When the weather picks up and there’s no risk of frost, I’ll plant them outside with a healthy layer of mulch from the compost bin and hope that they compliment my annual health kick. I’ll also look to create some delicious dressings to spice up that all important salad.

Health benefits of lettuce

Lettuce contains…

  • Moisture
  • Energy
  • Protein
  • Fat
  • Carbohydrates
  • Dietary fiber
  • Sugars
  • Calcium
  • Iron
  • Magnesium
  • Vitamin B-6, C, A, E, and vitamin K

Lettuce also…

  • Induces Sleep
  • Lowers Cholesterol
  • Controls inflammation
  • Protects Neuronal Cells in your brain
  • Controls Anxiety

Sowing lettuce: Tom Thumb

Sowing lettuce is the next thing on the list to do at the allotment and the variety I plan to sow is an old favourite – Tom Thumb (or black seed as it’s otherwise known as).  I know that Tom Thumb lettuces date back as far at the 1850’s, but having conducted some reading online, I am unsure as to who first started to produce this variety of lettuce.

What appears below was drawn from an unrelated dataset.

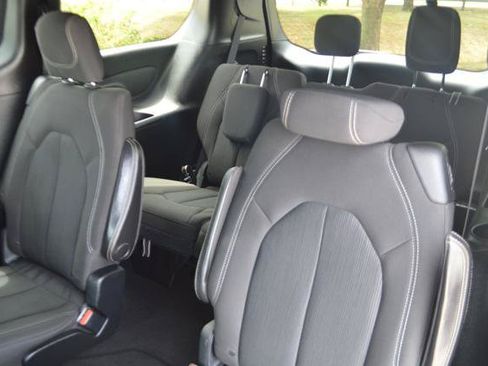 Used 2018 Chrysler Pacifica Touring Plus w/ S Appearance Package FWD image 23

The avid gardeners (and historians) among you will know that they’re also known as Wheeler’s Tom Thumb, after H. Wheeler & Sons – who introduced the seeds in 1858. But, it’s also been claimed that William Thompson was growing them much earlier under the guise of laitue gotte à lente monter – the French name given to this particular variety. This also begs the question, ‘where did the French find Tom Thumb lettuces?’

Either way, it’s popularity flourished and within two decades it was being grown in the states and the world over.

Tom Thumb produces heavily crumpled leaves that equate to the size of a tennis ball.

lettuce-tom-thumb

Sowing lettuce Tom Thumb seeds is dead easy.  All you need to do is sow the seeds into some multipurpose compost and cover with 13mm of soil.  Germination should start within 6 to 12 days.